§ **Action item**
In the lines below, find the one that contains "Image similar to" and write it out exactly, along with every line that follows it.

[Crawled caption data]
————

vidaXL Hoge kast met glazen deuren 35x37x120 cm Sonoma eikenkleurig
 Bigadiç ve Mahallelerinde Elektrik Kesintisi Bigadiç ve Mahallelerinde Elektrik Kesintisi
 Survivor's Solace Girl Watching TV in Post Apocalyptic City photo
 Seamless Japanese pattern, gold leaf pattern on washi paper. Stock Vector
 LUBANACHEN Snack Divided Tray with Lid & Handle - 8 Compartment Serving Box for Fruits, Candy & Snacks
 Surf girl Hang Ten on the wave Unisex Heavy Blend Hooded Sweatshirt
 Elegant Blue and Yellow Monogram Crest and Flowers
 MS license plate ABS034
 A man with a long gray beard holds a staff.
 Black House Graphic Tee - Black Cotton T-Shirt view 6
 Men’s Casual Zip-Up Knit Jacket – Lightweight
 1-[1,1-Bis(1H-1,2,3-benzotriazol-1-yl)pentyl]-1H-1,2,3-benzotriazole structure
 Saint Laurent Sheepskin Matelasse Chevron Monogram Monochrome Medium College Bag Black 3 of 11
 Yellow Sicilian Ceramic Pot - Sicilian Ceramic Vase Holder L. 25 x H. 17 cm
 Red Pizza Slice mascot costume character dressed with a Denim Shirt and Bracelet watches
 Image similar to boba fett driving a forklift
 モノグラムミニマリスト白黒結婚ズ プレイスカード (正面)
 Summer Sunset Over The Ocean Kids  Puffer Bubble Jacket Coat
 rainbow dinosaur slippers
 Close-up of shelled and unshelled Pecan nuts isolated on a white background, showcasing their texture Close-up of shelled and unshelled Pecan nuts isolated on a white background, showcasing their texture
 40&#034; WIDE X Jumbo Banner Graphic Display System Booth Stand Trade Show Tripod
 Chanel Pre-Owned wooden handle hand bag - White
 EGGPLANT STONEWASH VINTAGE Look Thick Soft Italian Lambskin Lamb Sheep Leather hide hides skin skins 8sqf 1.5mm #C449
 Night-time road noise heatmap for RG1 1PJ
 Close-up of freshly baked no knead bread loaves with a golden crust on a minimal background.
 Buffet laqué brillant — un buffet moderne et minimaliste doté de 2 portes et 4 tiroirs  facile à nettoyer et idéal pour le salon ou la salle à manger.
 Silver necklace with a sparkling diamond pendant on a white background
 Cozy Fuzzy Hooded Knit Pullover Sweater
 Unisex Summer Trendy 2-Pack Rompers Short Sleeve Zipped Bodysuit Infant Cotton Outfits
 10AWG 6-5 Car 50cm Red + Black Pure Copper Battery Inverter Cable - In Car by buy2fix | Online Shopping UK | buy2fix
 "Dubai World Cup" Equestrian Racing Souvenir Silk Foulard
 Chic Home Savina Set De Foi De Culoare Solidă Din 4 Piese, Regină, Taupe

————

§ **Solution to this exercise**
 Image similar to boba fett driving a forklift
 モノグラムミニマリスト白黒結婚ズ プレイスカード (正面)
 Summer Sunset Over The Ocean Kids  Puffer Bubble Jacket Coat
 rainbow dinosaur slippers
 Close-up of shelled and unshelled Pecan nuts isolated on a white background, showcasing their texture Close-up of shelled and unshelled Pecan nuts isolated on a white background, showcasing their texture
 40&#034; WIDE X Jumbo Banner Graphic Display System Booth Stand Trade Show Tripod
 Chanel Pre-Owned wooden handle hand bag - White
 EGGPLANT STONEWASH VINTAGE Look Thick Soft Italian Lambskin Lamb Sheep Leather hide hides skin skins 8sqf 1.5mm #C449
 Night-time road noise heatmap for RG1 1PJ
 Close-up of freshly baked no knead bread loaves with a golden crust on a minimal background.
 Buffet laqué brillant — un buffet moderne et minimaliste doté de 2 portes et 4 tiroirs  facile à nettoyer et idéal pour le salon ou la salle à manger.
 Silver necklace with a sparkling diamond pendant on a white background
 Cozy Fuzzy Hooded Knit Pullover Sweater
 Unisex Summer Trendy 2-Pack Rompers Short Sleeve Zipped Bodysuit Infant Cotton Outfits
 10AWG 6-5 Car 50cm Red + Black Pure Copper Battery Inverter Cable - In Car by buy2fix | Online Shopping UK | buy2fix
 "Dubai World Cup" Equestrian Racing Souvenir Silk Foulard
 Chic Home Savina Set De Foi De Culoare Solidă Din 4 Piese, Regină, Taupe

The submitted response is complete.